- Image-text web data

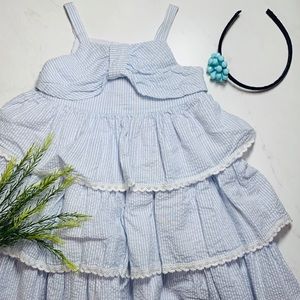 Laura Ashley London Seersucker Bow Girls’ Dress 3T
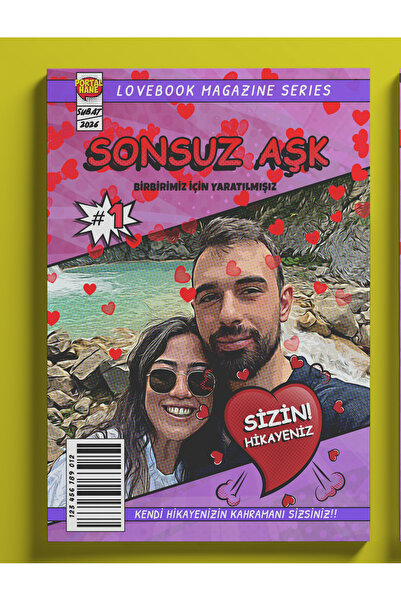 Kişiye Özel Çizgi Roman Poster – Fotoğraftan Karikatür, Sevgiliye Özel Hediye
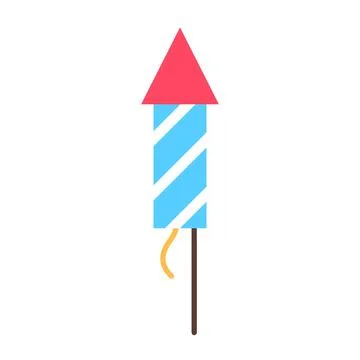 Firework rocket flat icon isolated on white. Stock Illustration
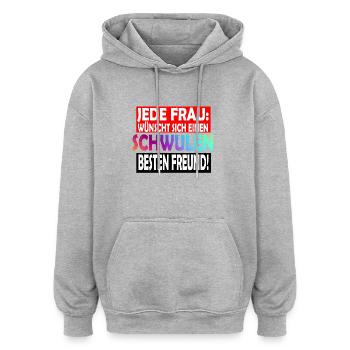 Schwuler Freund / Bester Freund - Oversized Unisex Hoodie - Grau meliert - Vorne - Noah (186cm)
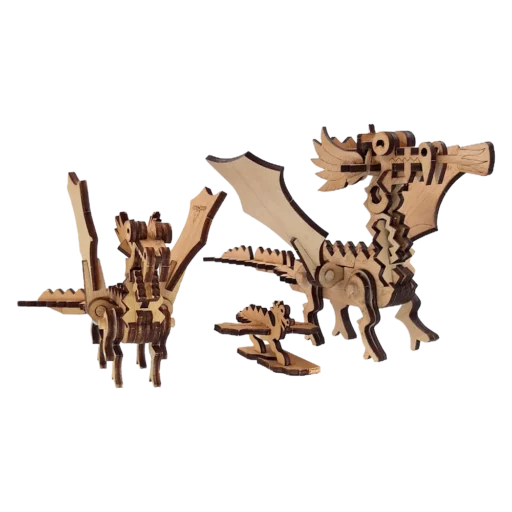 WoodHeroes Knight Castle Wooden Toy B007 Dragon Family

- YOUR TASK
The entries should be printed again exactly as written, leaving all pictures out.

- EXPECTED OUTPUT
 Laura Ashley London Seersucker Bow Girls’ Dress 3T
 Kişiye Özel Çizgi Roman Poster – Fotoğraftan Karikatür, Sevgiliye Özel Hediye
 Firework rocket flat icon isolated on white. Stock Illustration
 Schwuler Freund / Bester Freund - Oversized Unisex Hoodie - Grau meliert - Vorne - Noah (186cm)
 WoodHeroes Knight Castle Wooden Toy B007 Dragon Family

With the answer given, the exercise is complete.